Een investering van ruim een miljoen euro in een nieuwe mestverbrandingstechniek maak je niet zomaar. De bank zag de pioniersplannen desalniettemin zitten. Met een provinciale ‘greendeal’ subsidie en de subsidieregeling Versneller Innovatieve Ambities van het Samenwerkingsverband Noord-Nederland werd er voor het project 250.000 euro binnengehaald. “Een substantieel deel, wat voor ons ook aanleiding was om door te pakken. Zonder deze subsidie hadden we het niet gedaan.”

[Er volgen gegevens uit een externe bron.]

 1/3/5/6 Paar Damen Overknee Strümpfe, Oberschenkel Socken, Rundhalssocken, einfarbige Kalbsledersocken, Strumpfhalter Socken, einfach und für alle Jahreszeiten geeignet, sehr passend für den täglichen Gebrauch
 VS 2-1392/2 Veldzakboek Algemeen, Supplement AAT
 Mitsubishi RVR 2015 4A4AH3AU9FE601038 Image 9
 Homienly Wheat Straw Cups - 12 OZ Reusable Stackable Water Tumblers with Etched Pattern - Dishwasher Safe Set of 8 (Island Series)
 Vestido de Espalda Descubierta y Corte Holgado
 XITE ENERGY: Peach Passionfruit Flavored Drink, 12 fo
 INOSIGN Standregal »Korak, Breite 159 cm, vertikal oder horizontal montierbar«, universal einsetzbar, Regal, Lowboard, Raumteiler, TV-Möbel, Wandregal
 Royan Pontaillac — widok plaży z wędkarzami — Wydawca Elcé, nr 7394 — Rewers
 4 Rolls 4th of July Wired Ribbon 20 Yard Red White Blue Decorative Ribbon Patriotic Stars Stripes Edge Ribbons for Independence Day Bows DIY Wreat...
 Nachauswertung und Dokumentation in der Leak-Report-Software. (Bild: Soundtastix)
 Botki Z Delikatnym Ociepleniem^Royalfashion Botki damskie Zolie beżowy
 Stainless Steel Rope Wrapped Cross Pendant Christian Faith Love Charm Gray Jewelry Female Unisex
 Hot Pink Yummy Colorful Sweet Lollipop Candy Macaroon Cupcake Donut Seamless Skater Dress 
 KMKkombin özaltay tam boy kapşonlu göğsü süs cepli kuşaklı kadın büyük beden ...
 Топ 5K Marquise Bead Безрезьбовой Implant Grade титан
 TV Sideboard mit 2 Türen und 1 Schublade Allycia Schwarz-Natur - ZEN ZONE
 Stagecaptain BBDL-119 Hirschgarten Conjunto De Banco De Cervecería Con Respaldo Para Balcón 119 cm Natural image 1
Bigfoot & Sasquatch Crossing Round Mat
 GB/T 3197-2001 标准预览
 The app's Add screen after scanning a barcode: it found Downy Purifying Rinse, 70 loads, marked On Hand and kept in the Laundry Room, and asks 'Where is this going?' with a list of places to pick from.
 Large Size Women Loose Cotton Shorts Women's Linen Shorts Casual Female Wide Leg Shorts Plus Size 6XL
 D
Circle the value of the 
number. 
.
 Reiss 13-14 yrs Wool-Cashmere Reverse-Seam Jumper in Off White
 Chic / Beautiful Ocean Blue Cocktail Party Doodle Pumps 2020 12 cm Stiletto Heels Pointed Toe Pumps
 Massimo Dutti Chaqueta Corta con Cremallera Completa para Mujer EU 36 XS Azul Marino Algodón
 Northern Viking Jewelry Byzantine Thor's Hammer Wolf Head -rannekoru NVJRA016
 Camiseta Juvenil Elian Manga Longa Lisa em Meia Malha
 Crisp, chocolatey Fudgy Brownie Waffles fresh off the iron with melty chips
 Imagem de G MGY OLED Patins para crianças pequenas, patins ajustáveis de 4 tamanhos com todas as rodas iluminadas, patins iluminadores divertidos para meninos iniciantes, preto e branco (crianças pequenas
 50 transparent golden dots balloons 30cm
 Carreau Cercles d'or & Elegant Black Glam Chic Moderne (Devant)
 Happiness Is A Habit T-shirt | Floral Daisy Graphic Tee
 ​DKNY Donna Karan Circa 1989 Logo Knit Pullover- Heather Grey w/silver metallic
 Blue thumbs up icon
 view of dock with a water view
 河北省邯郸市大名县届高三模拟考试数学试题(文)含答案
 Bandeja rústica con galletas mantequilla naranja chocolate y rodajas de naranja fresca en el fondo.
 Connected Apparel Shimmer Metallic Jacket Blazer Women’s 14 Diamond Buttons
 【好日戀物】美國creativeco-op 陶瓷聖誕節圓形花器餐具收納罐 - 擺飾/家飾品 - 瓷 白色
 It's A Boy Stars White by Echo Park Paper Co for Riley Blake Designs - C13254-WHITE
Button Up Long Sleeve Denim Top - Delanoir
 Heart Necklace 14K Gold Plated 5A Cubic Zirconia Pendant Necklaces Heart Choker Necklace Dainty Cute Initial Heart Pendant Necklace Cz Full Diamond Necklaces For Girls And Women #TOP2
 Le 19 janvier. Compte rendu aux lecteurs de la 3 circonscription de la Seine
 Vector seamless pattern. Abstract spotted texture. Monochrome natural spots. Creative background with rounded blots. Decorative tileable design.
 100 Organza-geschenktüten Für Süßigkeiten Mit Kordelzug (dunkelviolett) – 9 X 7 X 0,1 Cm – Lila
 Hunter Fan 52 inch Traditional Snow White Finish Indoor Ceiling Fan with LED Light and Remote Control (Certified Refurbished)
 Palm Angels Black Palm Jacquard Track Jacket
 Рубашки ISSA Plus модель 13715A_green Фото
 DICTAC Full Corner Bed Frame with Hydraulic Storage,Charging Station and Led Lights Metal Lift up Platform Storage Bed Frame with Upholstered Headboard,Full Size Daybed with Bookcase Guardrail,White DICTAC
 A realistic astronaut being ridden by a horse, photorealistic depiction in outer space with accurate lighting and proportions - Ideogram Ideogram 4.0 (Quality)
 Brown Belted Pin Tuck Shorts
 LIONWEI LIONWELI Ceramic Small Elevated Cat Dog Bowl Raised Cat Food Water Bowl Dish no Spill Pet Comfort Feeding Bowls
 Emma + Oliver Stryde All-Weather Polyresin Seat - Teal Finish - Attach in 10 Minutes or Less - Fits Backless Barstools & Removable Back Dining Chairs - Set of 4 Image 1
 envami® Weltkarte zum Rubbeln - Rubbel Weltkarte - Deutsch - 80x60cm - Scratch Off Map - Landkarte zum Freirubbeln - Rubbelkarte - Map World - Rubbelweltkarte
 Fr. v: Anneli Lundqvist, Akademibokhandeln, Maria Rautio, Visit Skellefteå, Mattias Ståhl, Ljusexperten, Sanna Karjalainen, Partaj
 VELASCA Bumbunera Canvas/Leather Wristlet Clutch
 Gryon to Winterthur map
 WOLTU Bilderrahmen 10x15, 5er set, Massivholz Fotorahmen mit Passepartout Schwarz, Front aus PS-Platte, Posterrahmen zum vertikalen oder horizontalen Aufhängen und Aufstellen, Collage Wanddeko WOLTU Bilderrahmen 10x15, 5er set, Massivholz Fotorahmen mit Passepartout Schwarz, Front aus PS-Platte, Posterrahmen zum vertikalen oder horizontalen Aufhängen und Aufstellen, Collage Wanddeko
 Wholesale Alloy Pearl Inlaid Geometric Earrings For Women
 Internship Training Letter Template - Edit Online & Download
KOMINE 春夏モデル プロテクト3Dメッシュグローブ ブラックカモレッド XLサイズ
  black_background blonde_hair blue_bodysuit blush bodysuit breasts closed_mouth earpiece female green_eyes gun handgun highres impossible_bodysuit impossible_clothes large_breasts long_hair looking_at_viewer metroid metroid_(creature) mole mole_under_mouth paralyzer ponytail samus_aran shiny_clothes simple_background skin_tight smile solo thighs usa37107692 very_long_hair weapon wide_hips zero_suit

De investering werd gemaakt in een Duitse mestkachel van 550 kilowatt, een mestloods van dertig bij dertig meter, een drooginstallatie en bijbehorende voorraadbunkers. De mest wordt na de ronde uit de stal gehaald en moet gewogen en gemonsterd worden en gaat naar de verse mesthal. Vervolgens gaat de verse mest de menger in, die met het product daarna de droger voorziet. Vanuit de droger gaat de gedroogde mest naar de kachel en als deze geen aanvoer vraag heeft, gaat het naar de gedroogde mesthal zodat de droger gewoon 24 uren per dag draait. Naast de stallen wordt de warmte voor het droogproces ingezet en worden alle gebouwen van het bedrijf, inclusief het woonhuis, er mee verwarmt. Met een waterbuffer van 250 kuub worden de pieken in de warmtebehoefte opgevangen.
Terugverdientijd
“De terugverdientijd van de installatie zou zo’n zeven jaar zijn. Daar stond ik toen al wat sceptisch tegenover. Je bent toch aan het pionieren. Achteraf bleek mijn scepsis ook wel gerechtvaardigd. We gaan richting de tien jaren nu. Vooral het extra gas en de onderhoudskosten van de kachel zijn extra kostenposten. Ook vraagt de mestverbrandingslijn qua aandacht meer tijd dan dat van te voren werd verwacht. Het telkens schoonhouden van de installatie kost meer werk dan verwacht door de hoeveelheid stof die er in de gedroogde mest zit. We zitten eraan te denken om de mest te gaan pelletiseren zodat er minder stof vrijkomt bij de verbranding. Ook de luchtwasser is niet opgewassen tegen deze hoeveelheden stof. Hier zijn nog steeds gesprekken gaande over de oplossing.” Volgens Harmes zit er per dag ongeveer anderhalf uur werk in de installatie en één keer per zeven weken gaat de installatie uit voor de schoonmaak van ongeveer twee dagen. “In de praktijk heb ik een medewerker op de verbrandingslijn lopen. En iedere dag begint voor mij met een rondje ‘kachel’ en het hele proces.”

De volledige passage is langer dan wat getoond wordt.